# Obsession bows



## dsanders (Jun 25, 2012)

I want to get a new bow. I was torn between the vector 32 and heli m.  I've been seeing and hearing a lot about the obsession bows. Do y'all have any experience or own one? I'm just worried about spending almost a grand on a bow that's from a new/beginning company. Any advice will be very helpful. Thanks


----------



## lungbuster123 (Jun 25, 2012)

They are nice bows....smooth draw, super solid backwall, great valley, and probably the most quiet/vibe free bows ive ever shot. The new company thing is just something you have to deal with. Personally I would be more worried about having a bow I can flat out shoot with then how new the company is. I will say Dennis makes his living from the outdoor industry so he can't afford to let anything bad happen with Obsession Archery or it WILL directly effect his other business. I wouldn't worry about Obsession going anywhere anytime soon though.


----------



## wthunter11 (Jun 25, 2012)

I own a lethal force and I can say this go honestly. They are the real deal. Best advice is try one out. There are plenty of members here who will be willing to let you shoot theirs or at least point you in the right direction. Dennis is on to something huge and I am glad to be able to watch it unfold.


----------



## riskyb (Jun 25, 2012)

I own an obsession ss and its awsome the real deal will prob by a sniper or lethal force soon


----------



## dsanders (Jun 25, 2012)

Well, can I meet someone and shoot their obsession?


----------



## stick_slinger (Jun 25, 2012)

dsanders said:


> Well, can I meet someone and shoot their obsession?

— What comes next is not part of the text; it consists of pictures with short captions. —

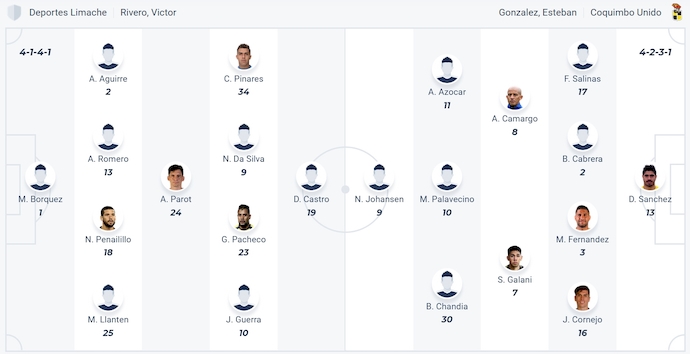 Nhận định, soi kèo Deportes Limache vs Coquimbo Unido, 7h30 ngày 11/7: Nối mạch toàn thắng - Ảnh 6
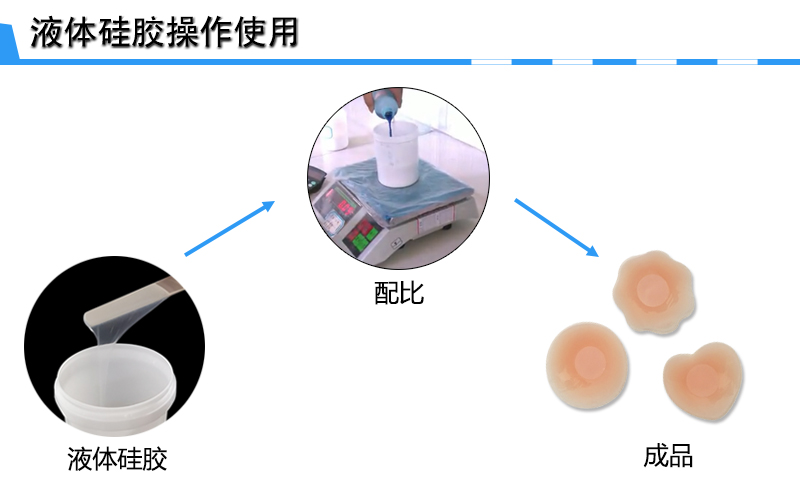 液体硅凝胶操作 液体硅凝胶操作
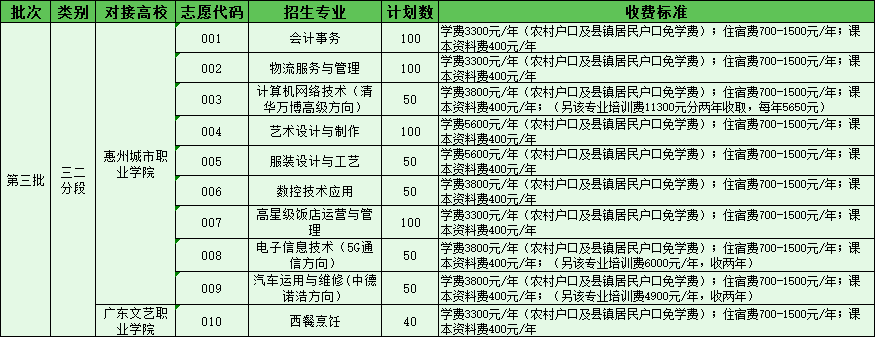 北大青鳥培訓學校學費是多少_北大青鳥培訓班招生啦_北大青鳥培訓學校學費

Do you not live within a hour of a pro shop? Or do they not carry Obsessions?

If your in South Carolina, it might be a long shot to get somebody to meet you so you can shoot their bow.. Im sure you wont be dissapointed in any of them.. I personally have the Heli-m and love it.. And that new Archery company is selling bows like Hot Cakes and people are lovin em.

CJ


----------



## dsanders (Jun 25, 2012)

Yeah it may be a long shot, but I'll drive to them. The shoos around here do not carry obsession bows. I've never seen one in person.


----------



## lungbuster123 (Jun 25, 2012)

It's a long ride to Fort Benning but if your ever down this way you can shoot my brothers Lethal Force.


----------



## Haven McCowan (Jun 25, 2012)

A friend of mine owned an obsession ss it blew up twice on him in four months. I would definetly go with the vector 32.


----------



## pasinthrough (Jun 25, 2012)

I'm in North Augusta and have a Lethal Force 28.5" 67 pounds you can try when you like.  I know someone that lives in Greenwood that will have one soon too!  Just shoot me a PM and I'll do what I can for you.


----------



## stick_slinger (Jun 25, 2012)

Haven McCowan said:


> A friend of mine owned an obsession ss it blew up twice on him in four months. I would definetly go with the vector 32.

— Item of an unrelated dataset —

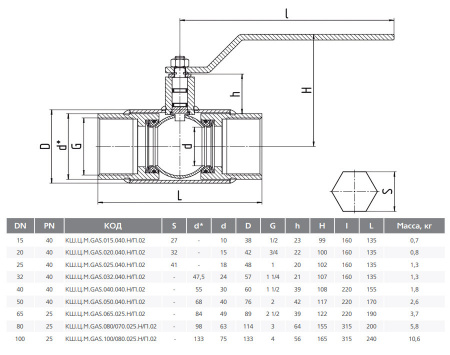 Кран шаровой цельносварной LD КШ.Ц.М.GAS.050.040.Н/П.02 Ду 50 Ру 40 стальной неполнопроходный муфтовый Кран шаровой цельносварной LD КШ.Ц.М.GAS.050.040.Н/П.02 Ду 50 Ру 40 стальной неполнопроходный муфтовый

Wow, thats crazy talk.. That stinks, not to insult your friends intelligence but you sure it wasnt operator error?

CJ


----------



## hound dog (Jun 25, 2012)

Haven McCowan said:


> A friend of mine owned an obsession ss it blew up twice on him in four months. I would definetly go with the vector 32.





stick_slinger said:


> Wow, thats crazy talk.. That stinks, not to insult your friends intelligence but you sure it wasnt operator error?
> 
> CJ



I'm around alot of Obsession bows and have two ss and a Sniper XS and this the firs time I heard of this. I have heard of some people derailing them but it was operator error.

Did he contact them and tell them?


----------



## alligood729 (Jun 25, 2012)

stick_slinger said:


> Wow, thats crazy talk.. That stinks, not to insult your friends intelligence but you sure it wasnt operator error?
> 
> CJ



I doubt it, the friend is multi time National Champion shooter. I believe it was an early model, and Dennis was working through some issues. I've shot the 2012 Addiction and the SS from last year. Both very nice bows, quick and quiet, smooth shooters...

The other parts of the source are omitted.